I am new here, so please excuse me if I forget some parts of the etiquette, I’ll try to stick to it and I’ll be glad to accept any advice!
I have immunofluorescence images with DAPI staining for the nuclei and another staining for GM2 (see the attached example KO-GM2_channel2.tiff (1.0 MB) WT-GM2-DAPI.tif (2.0 MB) ). My aim is to compare the average GM2 signal intensity per cell in two cell populations (wt and ko).
I created a pipeline (attached Create PPI images without background intensity.cpproj (212.6 KB) ) that hopefully:
- identifies nuclei
- identifies cells as secondary objects from GM2 signal (with a smoothing factor and an intensity threshold)
- measure GM2 signal intensity from the cells
- subtracts from this intensity its lower quartile to eliminate background (this step is necessary because of aspecific staining which could not be reduced diluting the antibody)
- saves the images resulting from point 4, which I called “PPI”
- calculates mean image intensity (just to double check and compare, you can ignore this part).

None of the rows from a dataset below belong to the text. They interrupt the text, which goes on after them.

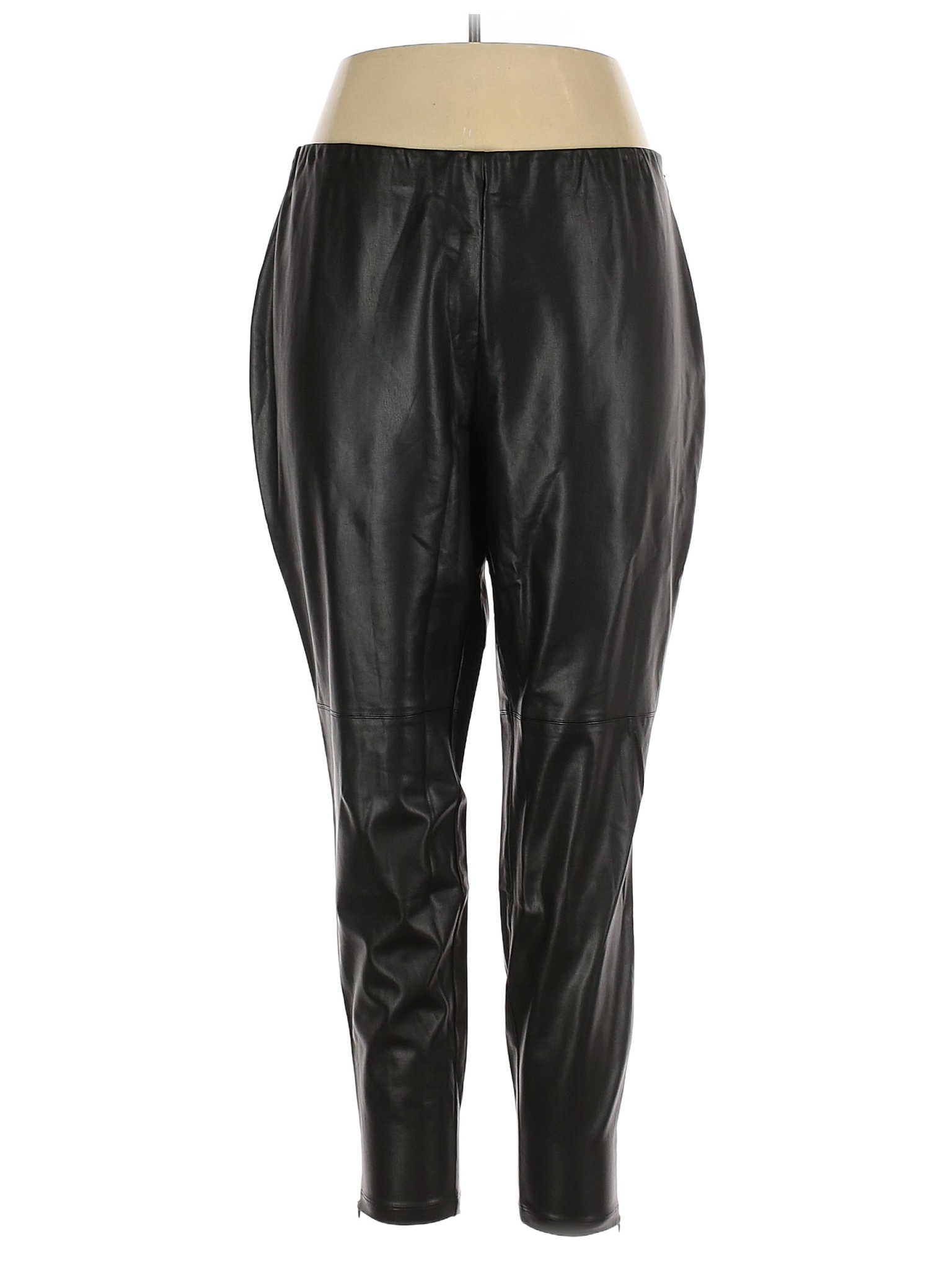 Lisa Rinna Solid Black Faux Leather Pants Size 22 (Plus) - 76% off ...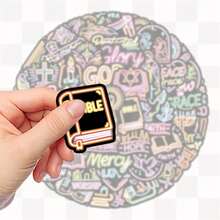 SCXXBSW 50 buah Stiker Alkitab Neon, Stiker Kartun Lucu untuk Keperluan DIY seperti Skateboard dan Ponsel - A - View 5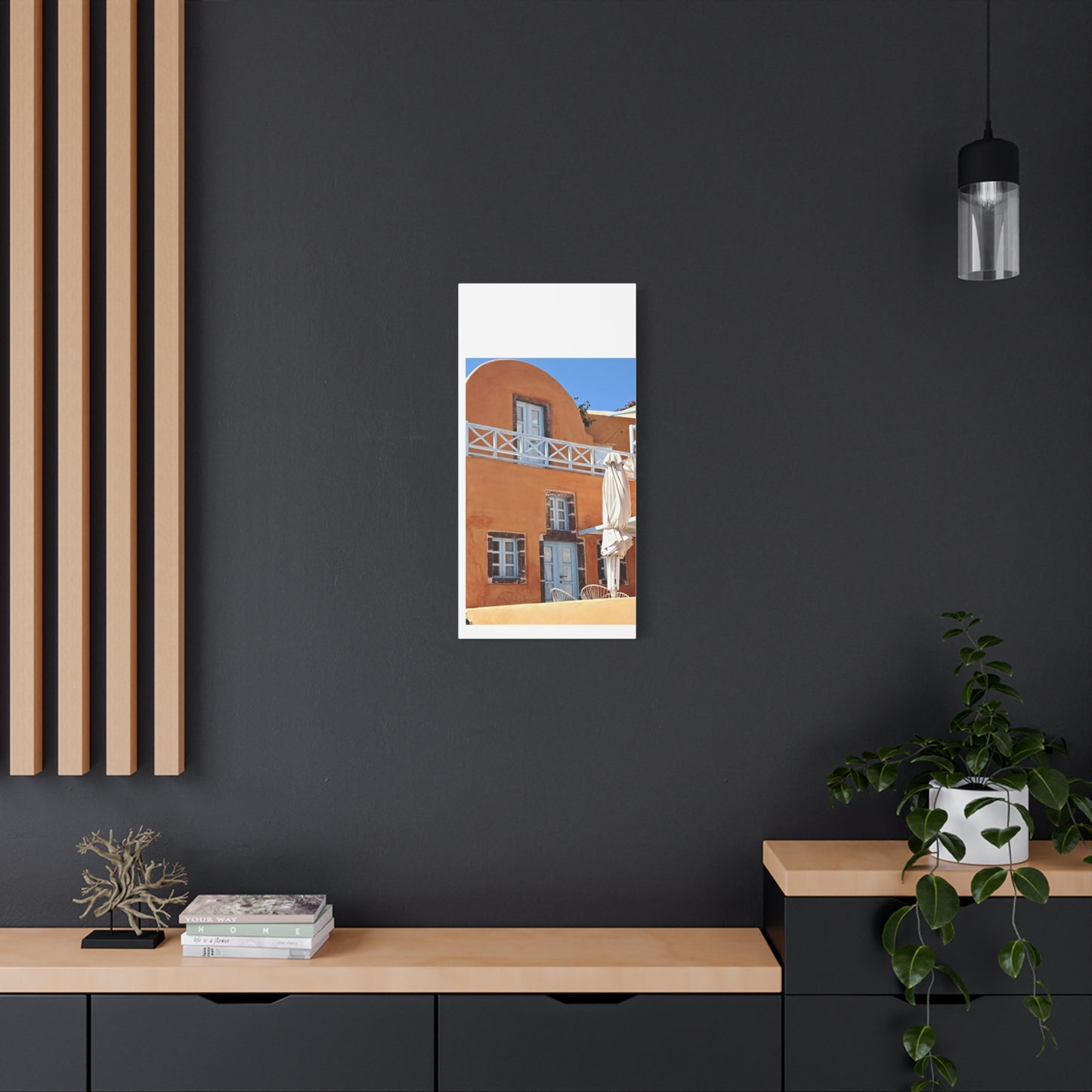 Oia Santorini Orange Facade Canvas — Mediterranean Terracotta Matte Wall Art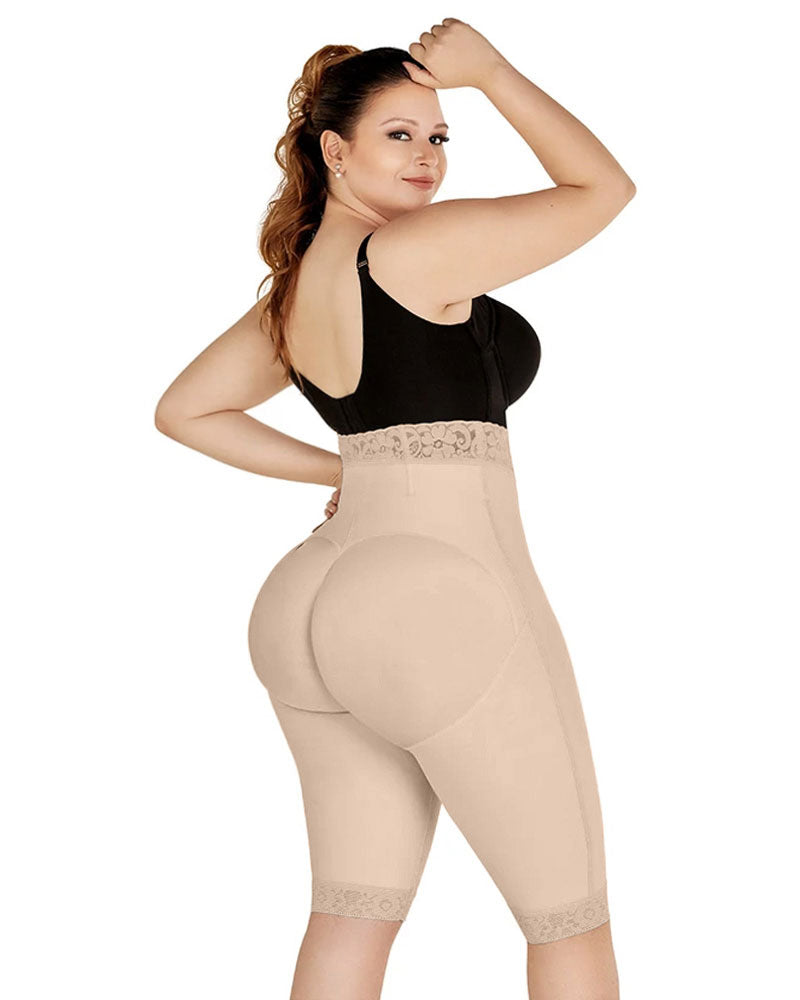 Double Compression High-Waisted Butt Lifting Shorts Knee Short And Lift Buttoks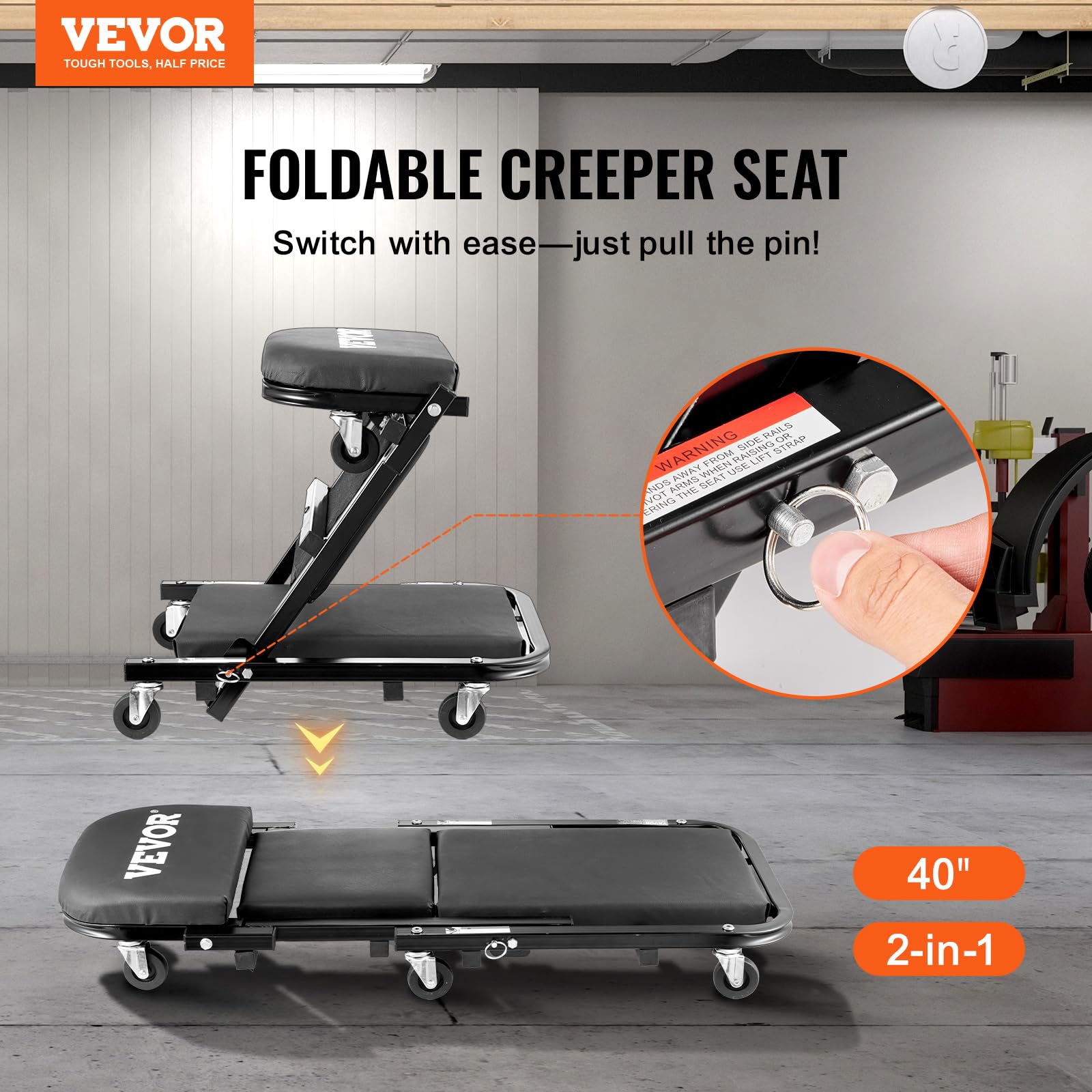 Vevor Foldable Z Garage Creeper, 40 In, 450 Lbs Load Capacity Rolling Folding Mechanic Creeper Stool, With 6 Universal Wheels Pa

To measure total GM2 signal intensity from cells (i.e. secondary objects) from PPI images (i.e. the processed images, without background intensity) do I have to create another pipeline or is there a way to re-input the output of SaveImages in the same pipeline that created it?
At the moment I am using another pipeline (attached IF Obtain total GM2 intensity of output PPI images.cpproj (886.2 KB) ), manually re-inputting the processed images.
Sorry for the long post and thank you so much for your time!